Print, exactly as they stand, the lines below from the one that has "Village Kaliste, Slovakia" to the one that has "Evcil Hayvan Sigortası Nedir?", inclusive, leaving out the pictures.

INPUT FOR THIS TASK:
⟨
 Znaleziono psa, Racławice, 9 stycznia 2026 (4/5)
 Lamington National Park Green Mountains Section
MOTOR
⟩
⟨
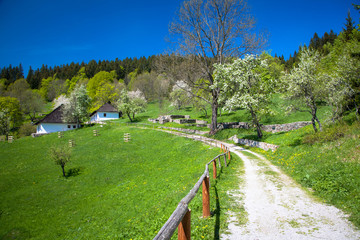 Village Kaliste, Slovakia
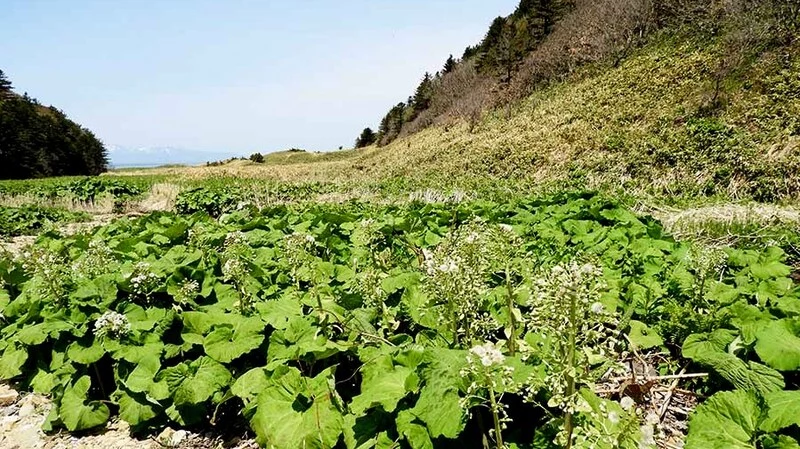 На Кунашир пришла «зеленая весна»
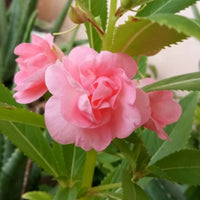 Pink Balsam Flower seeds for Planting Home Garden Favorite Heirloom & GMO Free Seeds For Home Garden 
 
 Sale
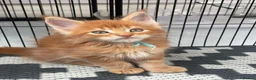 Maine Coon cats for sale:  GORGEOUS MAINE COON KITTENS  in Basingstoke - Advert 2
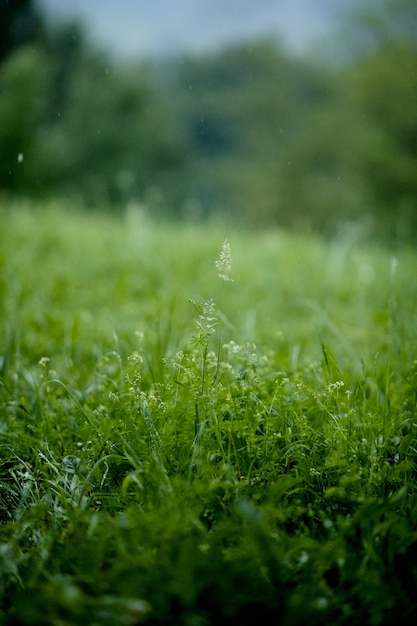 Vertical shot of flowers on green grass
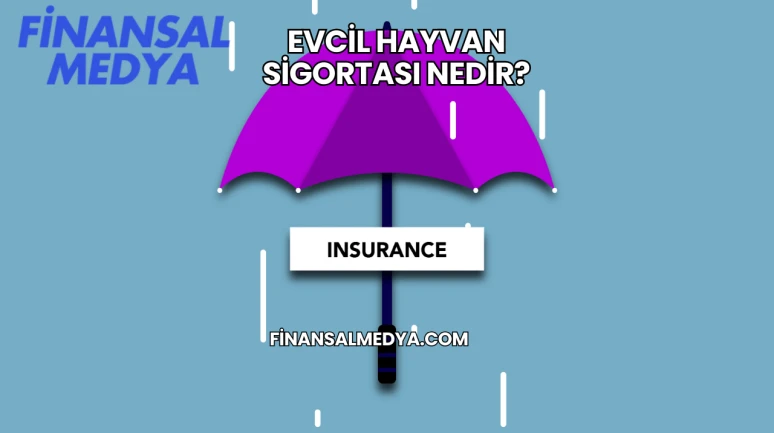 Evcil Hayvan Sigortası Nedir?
⟩
RESPONSE TO THIS EXERCISE:
 Village Kaliste, Slovakia
 На Кунашир пришла «зеленая весна»
 Pink Balsam Flower seeds for Planting Home Garden Favorite Heirloom & GMO Free Seeds For Home Garden 
 
 Sale
 Maine Coon cats for sale:  GORGEOUS MAINE COON KITTENS  in Basingstoke - Advert 2
 Vertical shot of flowers on green grass
 Evcil Hayvan Sigortası Nedir?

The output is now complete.